ATRC AtriCure Inc.

AtriCure Announces U.S. Launch of the AtriClip® PRO•V™ Device

AtriCure, Inc. (Nasdaq: ATRC), a leading innovator in treatments for atrial fibrillation (Afib) and left atrial appendage management, today announced that it has launched the AtriClip PRO•V™ Left Atrial Appendage (LAA) Exclusion System in the United States. The new device offers an open-ended design combined with a tip-first closure mechanism to enable easier navigation and placement when operating in minimally-invasive surgery (MIS) environments. The AtriClip PRO•V represents a significant addition to the company’s already deep offerings for epicardial left atrial appendage management. The device received 510(k) clearance in March of 2016, after which time the company introduced the device to a limited number of customers in the U.S. As of today, the product is available to all U.S. customers.

“The AtriClip® franchise continues to be the fastest growing part of our business, and we are excited to add another piece to our portfolio with the AtriClip PRO•V,” said Michael Carrel, President, and CEO of AtriCure. “The advancements with the open-ended design provides a more flexible approach in MIS therapies. Additionally, early experience and feedback from customers utilizing the device to treat patients has been excellent, and we are happy to now make the product available to all customers in the U.S. This platform will also serve as the foundation for future innovation and increasingly less invasive applications of our AtriClip platform.”
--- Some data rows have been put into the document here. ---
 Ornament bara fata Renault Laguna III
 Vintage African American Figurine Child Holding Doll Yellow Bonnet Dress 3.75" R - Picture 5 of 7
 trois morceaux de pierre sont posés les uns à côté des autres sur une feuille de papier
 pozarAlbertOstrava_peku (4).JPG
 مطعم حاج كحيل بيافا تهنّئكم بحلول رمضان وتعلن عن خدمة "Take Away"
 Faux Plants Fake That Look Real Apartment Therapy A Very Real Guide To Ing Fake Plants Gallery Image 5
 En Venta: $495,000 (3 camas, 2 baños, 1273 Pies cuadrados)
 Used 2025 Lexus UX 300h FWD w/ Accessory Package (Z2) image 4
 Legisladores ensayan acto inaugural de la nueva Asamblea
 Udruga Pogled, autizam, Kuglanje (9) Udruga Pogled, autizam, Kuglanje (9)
The AtriClip PRO•V has identical forces and pressure specifications to the closed-end design of the other AtriClip devices, such as the AtriClip FLEX and the AtriClip PRO2™. The AtriClip PRO•V is also compatible with 12mm ports, making it an ideal choice for minimally invasive approaches. In addition, the unique design allows for the AtriClip PRO•V to be repositioned multiple times before deployment to ensure ideal placement at the base of the appendage.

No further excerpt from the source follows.